As A Pakistani Feminist, I Want To Clarify We DON’T Hate All Men




As A Pakistani Feminist, I Want To Clarify We DON’T Hate All Men

I know what you are probably thinking. Another damn post about feminism. Why can we keep publishing this”crap”? Marasiyat is yet again boosting this particular Western, man-hating schedule and attacking the very foundations of our ideology. Hadh hai.

Here is the thing, however — it is not a man-hating schedule whatsoever.

A good deal of Pakistanis (and folks from the rest of the planet, naturally — maybe not all Pakistanis, you know how it goes) appear to believe that by being a feminist or thinking in feminism, you have signed up to the Amazonian lifetime of not allowing men into your island and you invest your lifetime coaching to go to war together. As glamorous as the Wonder Woman franchise gets out that to be, that is not the situation.

Feminism quite literally signifies equality for all sexes concerning societal, political and financial elements.

What (not all) folks confuse it has a title of its own. It is called misandry; a phrase that defines the action of hating men and behaving in a manner that attempts to hurt men specifically. And I am not even making this up. A Ph.D. scholar has described the notion of misandry fairly nicely, and it doesn’t have anything to do with being a feminist.

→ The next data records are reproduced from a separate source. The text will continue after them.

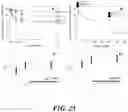 Fig. 24 - ADHESIVE/ADSORPTION SWITCH ON NANOPARTICLES TO INCREASE TUMOR UPTAKE AND DELAY TUMOR CLEARANCE
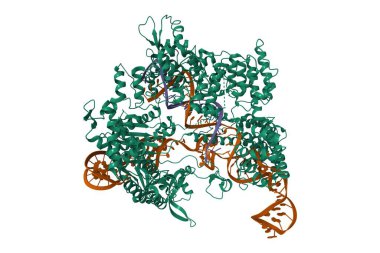 Streptococcus pyogenes Cas9 'un kristal yapısı RNA (kahverengi) ve hedef DNA (menekşe) ile kompleks bir yapıda. 3D karikatür modeli, PDB 4oo8, beyaz arkaplan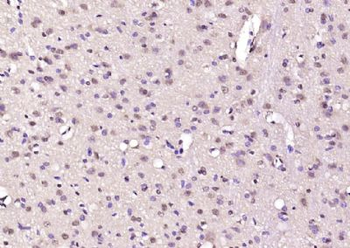 SEH1L Polyclonal Antibody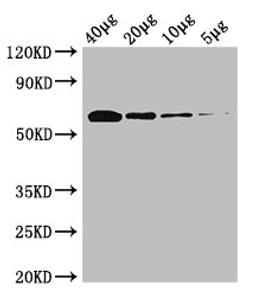 Western Blot. Positive WB detected in: Rosseta bacteria lysate at 40µg, 20µg, 10µg, 5µg. All lanes: poxB antibody at 0.25µg/ml. Secondary. Goat polyclonal to rabbit IgG at 1/50000 dilution. Predicted band size: 63 kDa. Observed band size: 63 kDa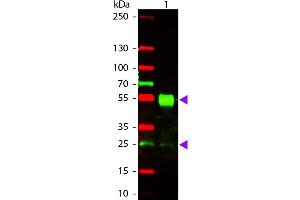 Western Blot of Goat anti-Mouse IgG Texas Red Conjugated Antibody. (Chèvre anti-Souris IgG (Heavy & Light Chain) Anticorps (Texas Red (TR)) - Preadsorbed)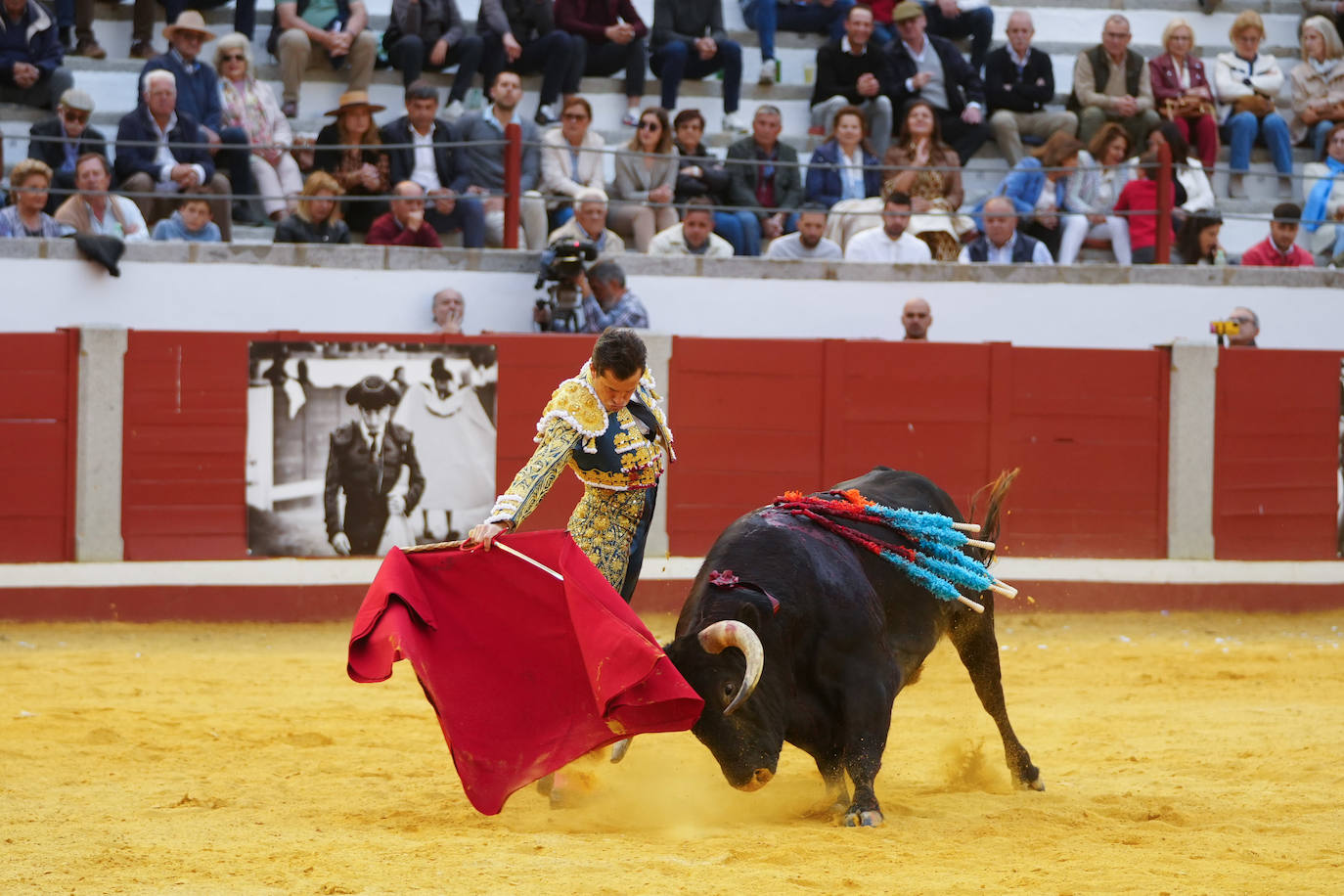 Toros | Las mejores imágenes del nuevo triunfo de Román en Pozoblanco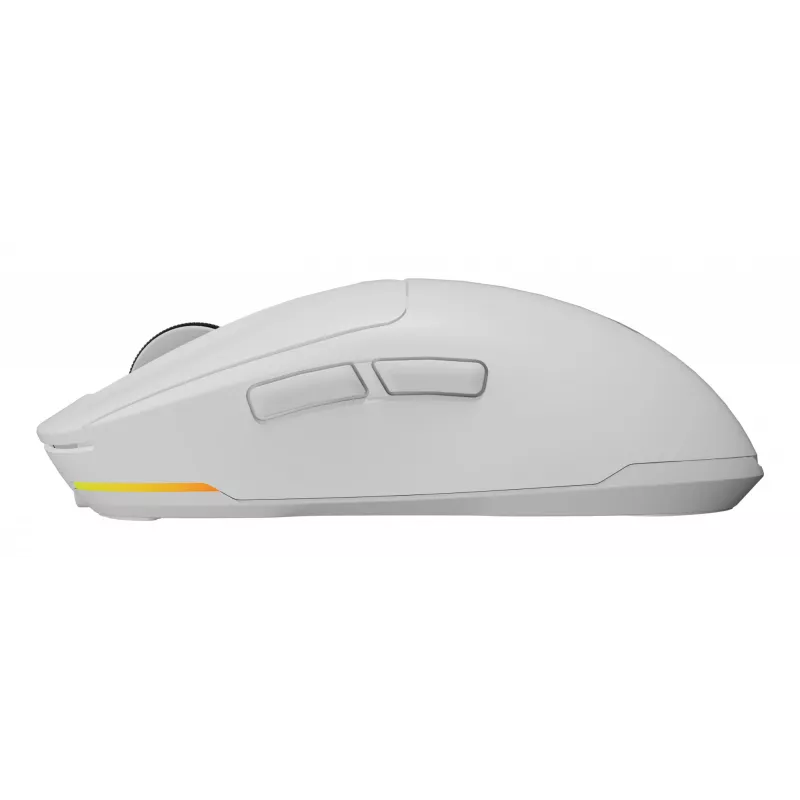 Ratón gaming GENESIS NMG-2194 Ambidiestro Bluetooth + USB Type-C Óptico 26000 DPI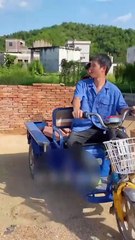 short-funny-video-comedy-short-video-shorts-viral-video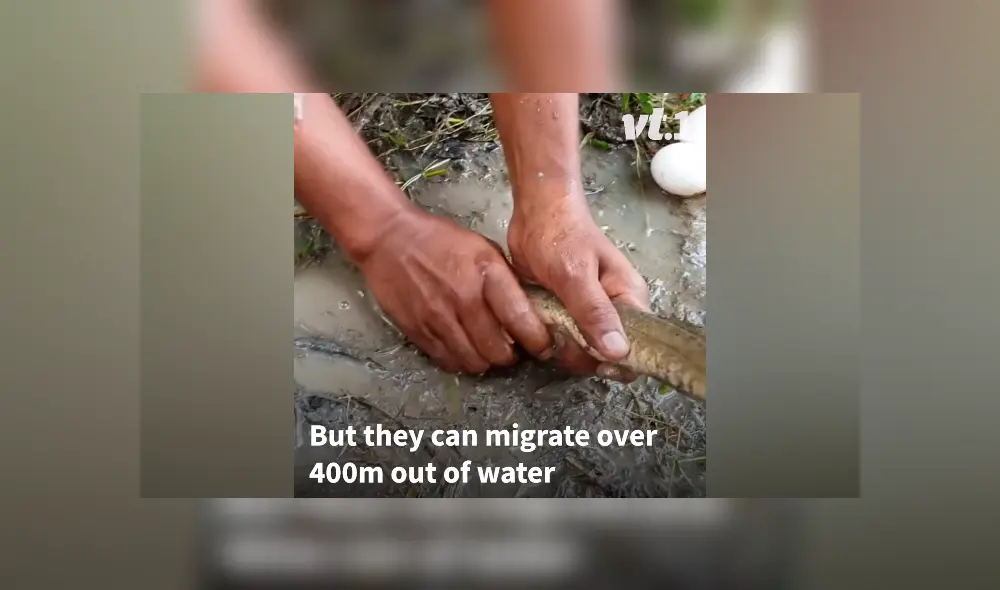 Desliza hacia la izquierda para ver los peces que aparecen en el video viral de Facebook.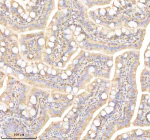 Zebrafish Prdx4 Antibody Colon Tissue IHC. Immunohistochemistry IHC staining of FFPE zebrafish colon tissue with Prdx4 antibody, HRP-labeled secondary and DAB substrate. HIER: boil tissue sections in pH8 EDTA for 20 min and allow to cool before testing.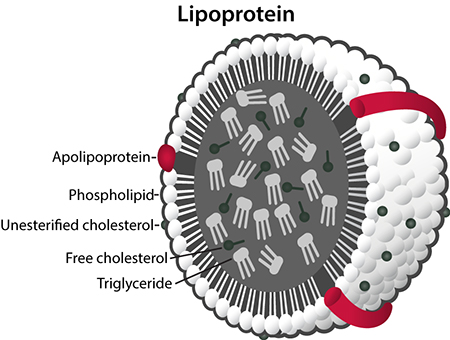 Lipoprotein section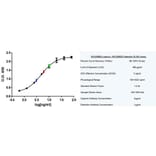 ELISA - Anti-C Reactive Protein Antibody [160.7A5] (A279035) - Antibodies.com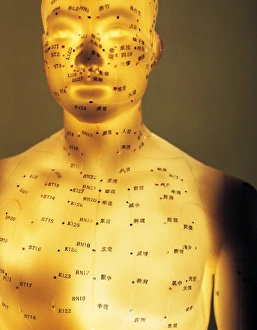 Impresiones de Modelo de acupuntura: Modelo iluminado del cuerpo humano marcado con puntos de acupuntura (puntos etiquetados) y meridianos (líneas coloreadas) Imágenes de mayo de 2003: Modelo de acupuntura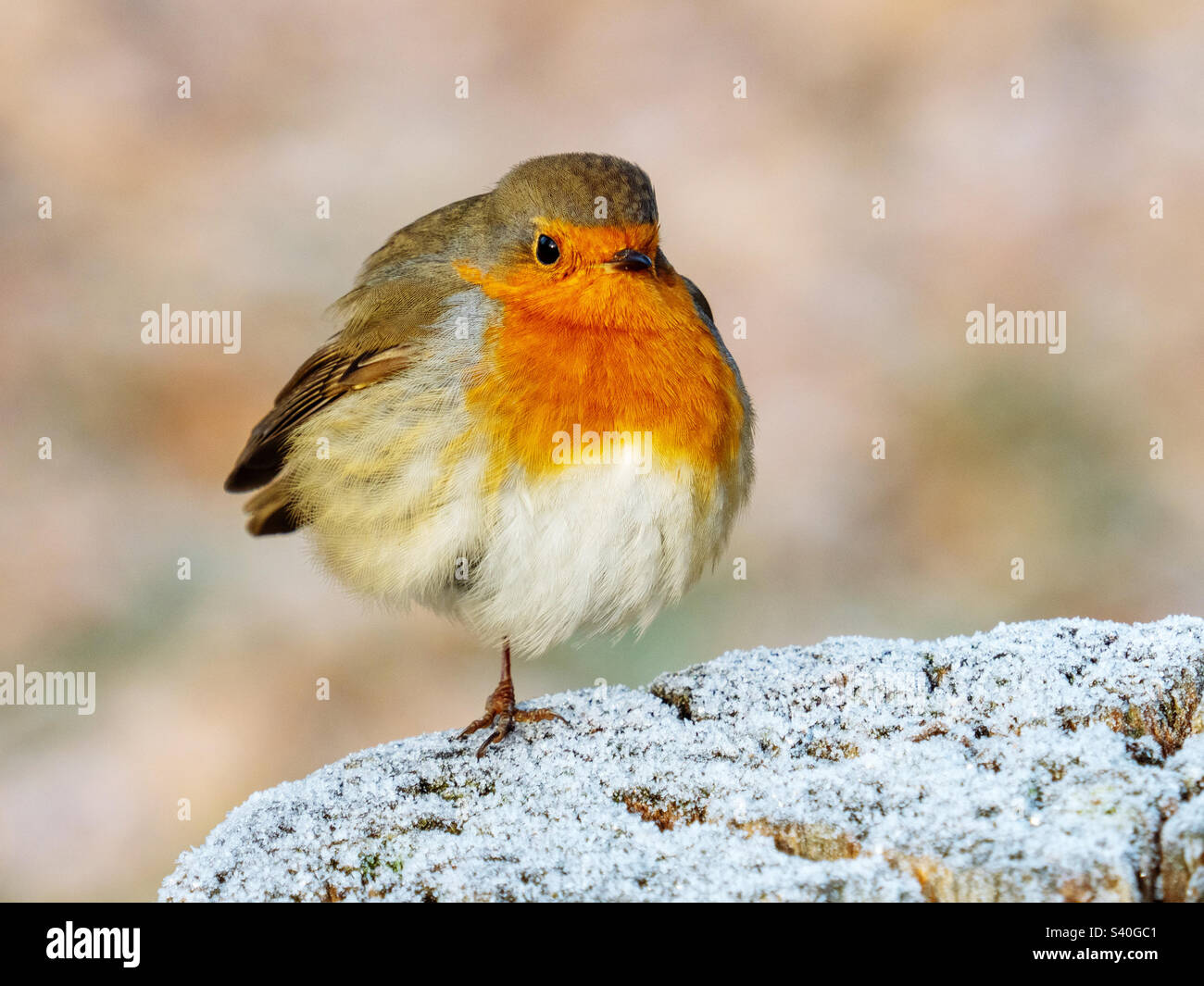 Robin Bird auf einem Bein - Smartphone-aufgenommenes Stockfoto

But this does not count the half-hearted”I Hate Men” and”Men Are Junk” tweets because let’s face it, we are all mentally brought down from the patriarchy sooner or later. Misandry is real, deep-rooted hate; one which may even cause the open expression of hate violence against men.

I really don’t think women would increase up three distinct waves of what’s essentially a historic movement only just to dish men. The patriarchal values which encircle them and attempt to restrict them into being submissive monsters, sure, but maybe not exactly the very same men and women that are unwittingly at precisely the exact same sea of poisonous masculinity and thinking patterns which we are all attempting to swim from.

Let us talk about global instances since men

opening up about the attack is a rarity here. When a famous celebrity, Terry Crews, spoke about his sexual attack publicly, he mentioned that the majority of the assistance he received was out of women. After Jim Bennett opened about being sexually attacked by actress Asia Argento (the exact same girl who stepped forward with accusing Harvey Weinstein and fueled the #MeToo Movement), feminist authors awakened to write about male predators and the way their claims tend to be shamed and tricked to being buried beneath the carpet, especially when the rapist is womanly.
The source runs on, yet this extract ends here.